Looking forward to seeing the scaled-up Rebel results.

With a baseline of 10 MNodes/move for SF3, I need to set SF13 to 0.375 MNodes/move for equality. That's a factor of 30. Caveat: I only ran 10 games which turned out equal, and only at 10 MNodes/move for SF3.
Yes: Rebel6 at normal 2021 settings (40 moves in 15 min) can be approximately matched with SF13 at 20 kNodes/move. More precisely: I get parity between Rebel6 (128 MB) and SF13 (128 MB) for 16 MNodes/move vs. 20 kNodes/move (=factor of 800x). On my Intel Core-M 5Y31 (750 kNodes/s), that's 21s vs. 0.026s per move.
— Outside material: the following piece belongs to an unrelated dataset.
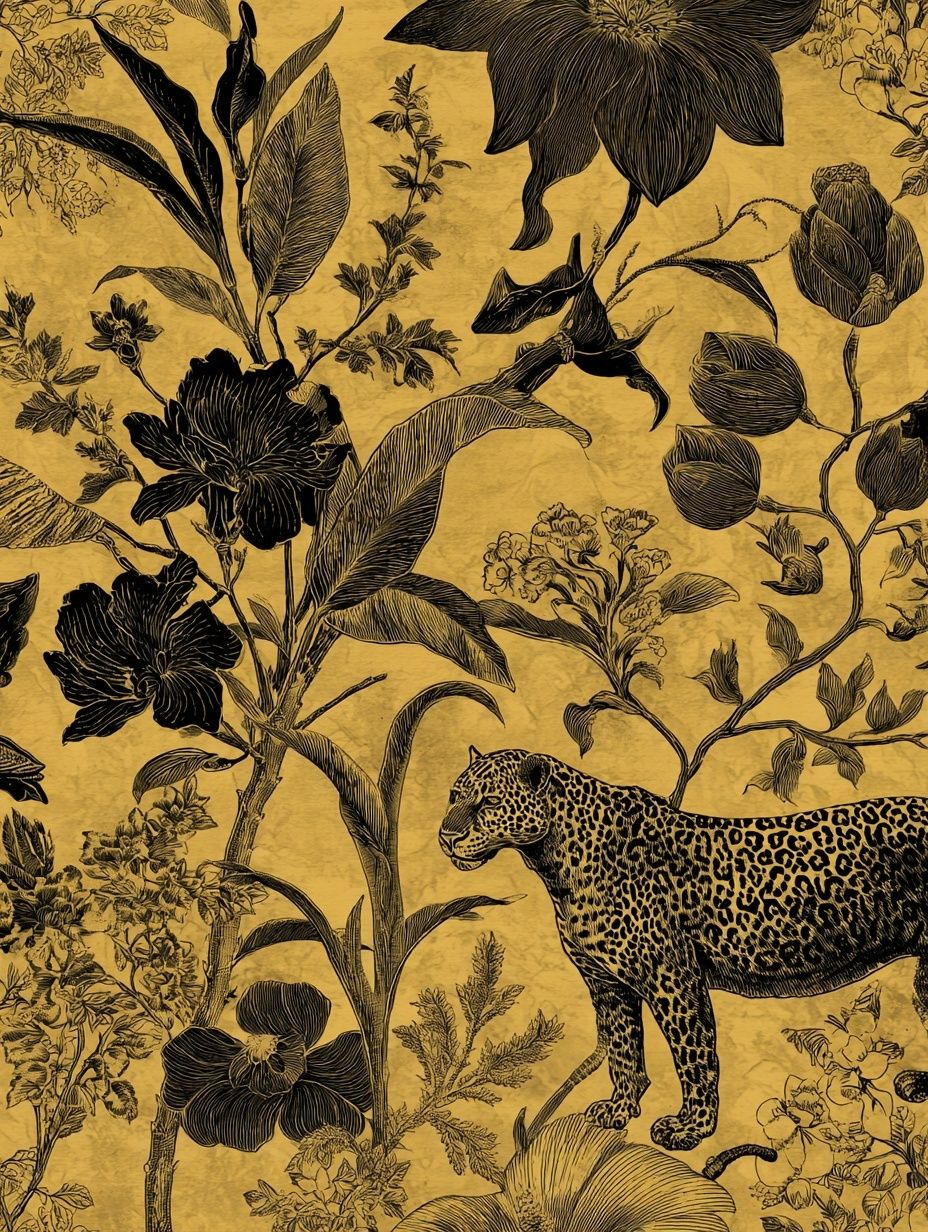 Leopard and Floral Illustration Poster. poster detail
Note that the figure shows SF8, not SF13.
I was contacted by one person via PM, we are discussing the execution setup. Otherwise, I could do it by the end of July after my vacation.
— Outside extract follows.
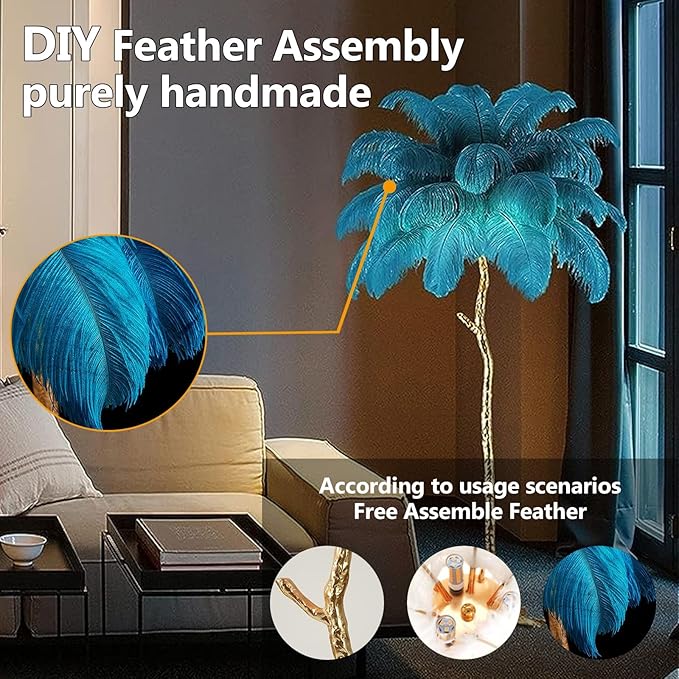 Ostrich Feather Floor Lamp, Modern LED Dimmable Standing Lamp, Romantic Princess Bedroom Reading Lamp, Tall Corner Lamp for Living Room, Dining Room and Office (Dark Green) - LeafyLoom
I ran the experiment "Rebel 6 vs. Stockfish 13" on Amazon's AWS EC2. I rented a Xeon Platinum 8124M which benched at 18x 1.5 MNodes/s. I launched 18 concurrent single-threaded game sets with 128 MB of RAM for each engine. Again, ponder was of, no books, no tables. Time settings were 40 moves in 60s + 0.6 per move, corresponding to 17.5 MNodes/move. For reference, SF13 benches at ELO 3630 at this setting (entry "64 bit"); Rebel 6.0 got 2415 on a Pentium 90 (SSDF Computer Rating List (01-DEC-1996).txt, 90 kN/move).

The result:

1911 games played
18 draws
No wins for Rebel
All draws when Rebel played white
ELO difference: 941 +- 63

Interpretation:

Starting from 3630 for SF13, that corresponds to Rebel on a modern machine: 2689.
Up from 2415, that's +274 ELO.
The ELO gap between Rebel on a 1994 Pentium 90 (2415) and SF13 on a 2020 PC (3630) is 1215 points. Of these, 274 points are closed with matching hardware.
That gives 23% for the compute, 77% for the algorithm.

Final questions:

Isn't +274 ELO too little for 200x compute?
We found 50% algo/50% compute for SF3-SF13. Why is that?
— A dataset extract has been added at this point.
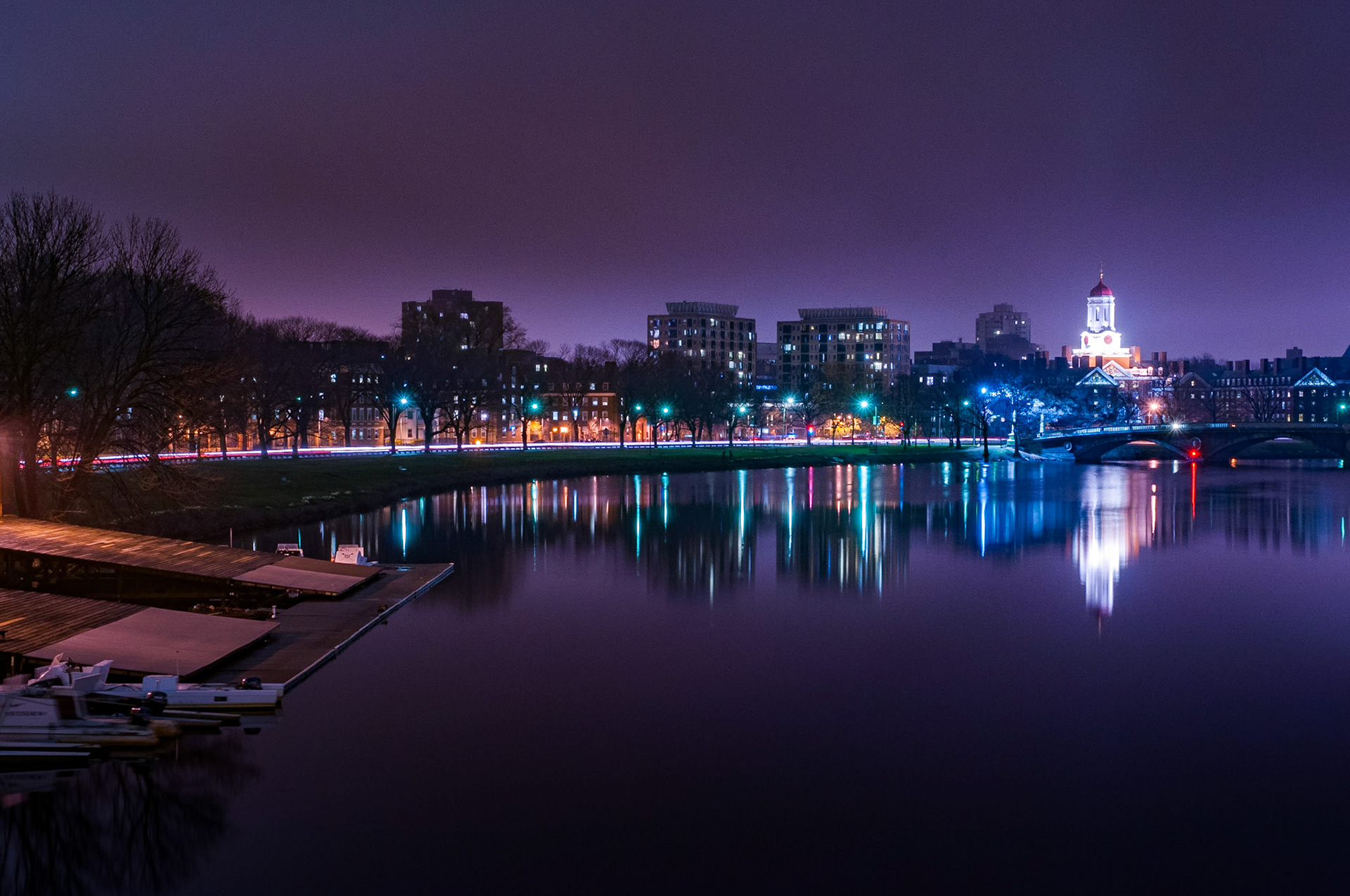 View from Andersen Memorial Bridge at night, back towards upperclassmen dormitories at Harvard University. Photo taken by Dean Shu.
Answer: ELO gain with compute is not a linear function, but one with diminishing returns. Thus, the percentage "due to algo" increases, the longer the time frame. Thus, a fixed percentage is not a good answer.
But we can give the percentage as a function of time gap:

Over 10 years, it's ~50%
Over 25 years, it's ~22%

With data from other sources (SF8, Houdini 3) I made this figure to show the effect more clearly. The dashed black line is a double-log fit function: A base-10 log for the exponential increase of compute with time, and a natural log for the exponential search tree of chess. The parameter values are engine-dependent, but should be similar for engines of the same era (here: Houdini 3 and SF8). With more and more compute, the ELO gain approaches zero. In the future, we can expect engines whose curve is shifted to the right side of this plot.